Member of the Congress of Sonora Plurinominal
- In office 1982–1985

Personal details
- Born: 26 March 1957 Choix, Sinaloa, Mexico
- Died: 25 April 2015 (aged 58) Hermosillo, Sonora, Mexico
- Party: PSUM
- Children: 2
- Education: El Quinto Rural Normal School Higher School of Nayarit

= Enrique Carrera Vega =

Mexican politician and trade unionist

Enrique Carrera Vega (26 March 1957 – 25 April 2015) was a Mexican politician and trade unionist. He served in the L Legislature of the Congress of Sonora from 1982 to 1985 as a member of the now-defunct Unified Socialist Party of Mexico (PSUM).

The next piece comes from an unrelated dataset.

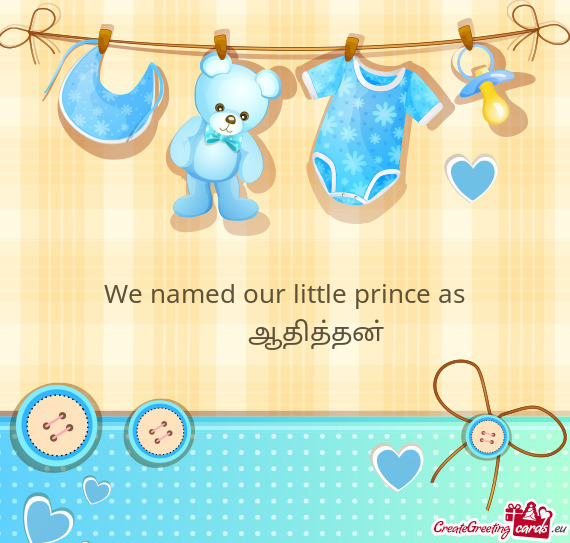 We named our little prince as   ஆதித்தன்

After the disappearance of the PSUM, Carrera Vega joined the Party of the Socialist Revolution (PRS) and ran for Governor of Sonora in 1991 with the support of the Labor Party (PT). Outside of politics, he continued fighting for workers' rights, especially for field workers.

==Biography==
Carrera Vega was born in Choix, Sinaloa on 26 March 1957. He earned his degree in education from the El Quinto Rural Normal School in Chucárit, Sonora before specializing in psychology and mathematics at the Higher School of Nayarit in Tepic, Nayarit.

Carrera Vega joined the Unified Socialist Party of Mexico (PSUM). He served in the L Legislature of the Congress of Sonora from 1982 to 1985 via proportional representation, becoming the first member of the PSUM to serve in the body. After the disappearance of the PSUM, Carrera Vega joined the Party of the Socialist Revolution (PRS) and formed part of its central committee. He ran for Governor of Sonora in the 1991 election and was endorsed by the Labor Party (PT).

Carrera Vega then served as general secretary of the General Union of Workers and Peasants of Mexico (UGOCM). In 1993, Carrera Vega founded the Central Unitaria de Trabajadores (CUT) and served as its secretary general. He later directed the Sonora Consejo Sindical y Social Permanente (CSSPES) from 2002 to 2011 and subsequently served as the organization's technical secretary.

Carrera died in Hermosillo on 25 April 2015; he was survived by his daughters, Nicté-Ha and Itzayana.